■ **EXERCISE DETAILS**: Once the pictures are set aside, reproduce the remaining data exactly.

[Records from a data collection]
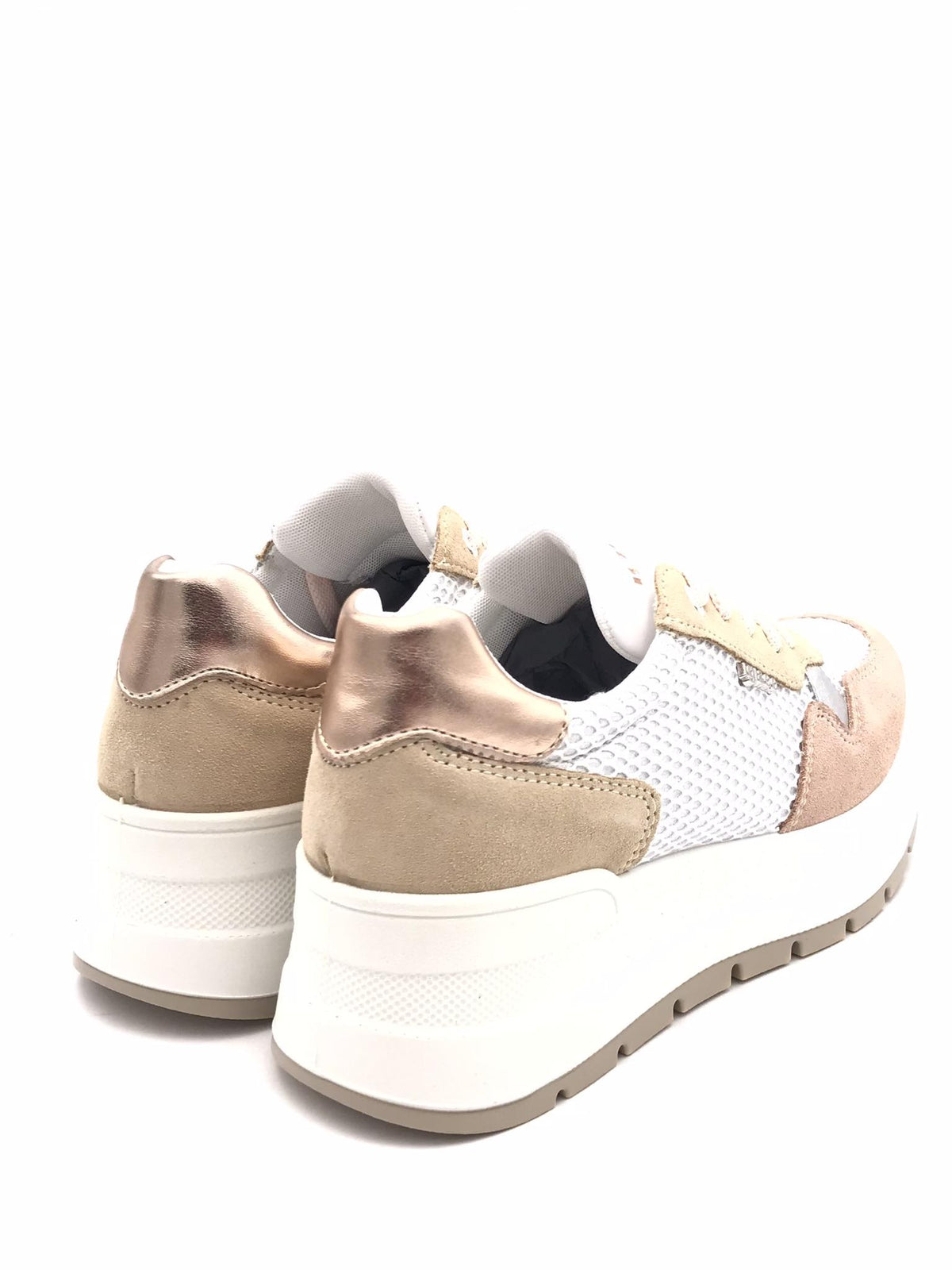 Sneakers donna Kola beige-rosa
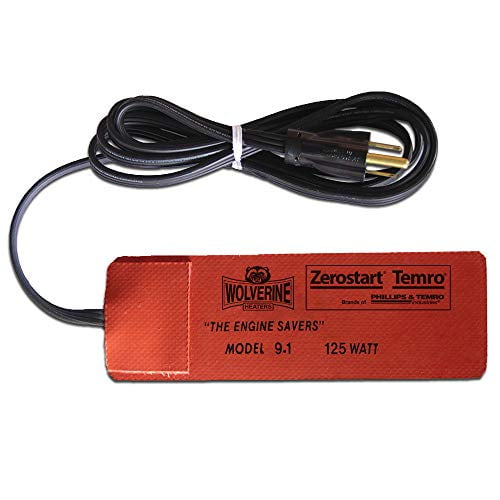300 Watts 8/½ x 14/½ Reservoir and Hydraulic Fluid Heater Transmission Fluid Zerostart 3400110 Silicone Pad Heater Engine Oil 120 Volts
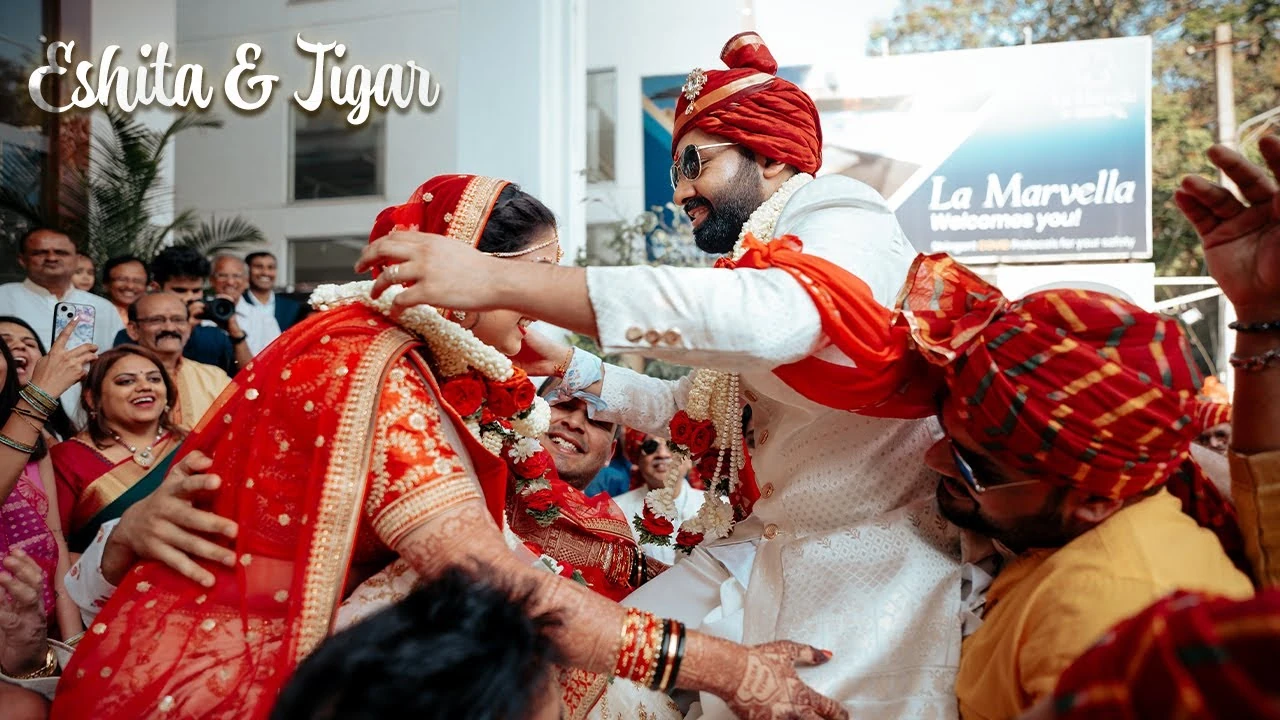 From the wedding film of Eshita & Jigar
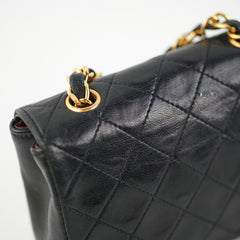 Chanel Mini Vintage Lambskin Black Flap Bag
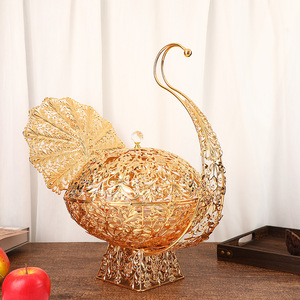 Support <span class=keywords><strong>à</strong></span> gâteau <span class=keywords><strong>en</strong></span> <span class=keywords><strong>verre</strong></span> de style europé<span class=keywords><strong>en</strong></span> 2025, créatif, pour collations, <span class=keywords><strong>fruits</strong></span> secs, panier <span class=keywords><strong>à</strong></span> <span class=keywords><strong>fruits</strong></span> <span class=keywords><strong>à</strong></span> main avec poignée pour la décoration de la maison - Product Image 2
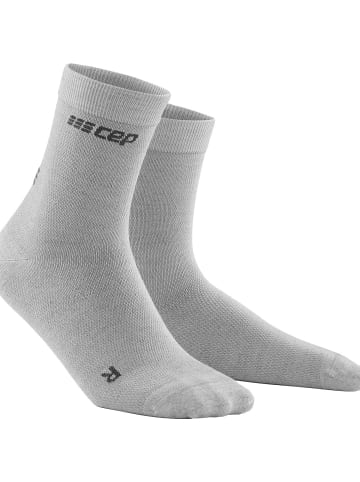 cep M ALLDAY RECOVERY COMPRESSIMID CUT SOCKS in Steingrau
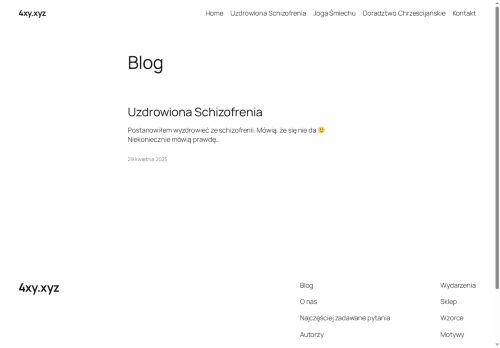 uzdrowionaschizofrenia.pl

■ **FINISHED EXERCISE**:
 Sneakers donna Kola beige-rosa
300 Watts 8/½ x 14/½ Reservoir and Hydraulic Fluid Heater Transmission Fluid Zerostart 3400110 Silicone Pad Heater Engine Oil 120 Volts
 From the wedding film of Eshita & Jigar
 Chanel Mini Vintage Lambskin Black Flap Bag
 Support <span class=keywords><strong>à</strong></span> gâteau <span class=keywords><strong>en</strong></span> <span class=keywords><strong>verre</strong></span> de style europé<span class=keywords><strong>en</strong></span> 2025, créatif, pour collations, <span class=keywords><strong>fruits</strong></span> secs, panier <span class=keywords><strong>à</strong></span> <span class=keywords><strong>fruits</strong></span> <span class=keywords><strong>à</strong></span> main avec poignée pour la décoration de la maison - Product Image 2
 cep M ALLDAY RECOVERY COMPRESSIMID CUT SOCKS in Steingrau
 uzdrowionaschizofrenia.pl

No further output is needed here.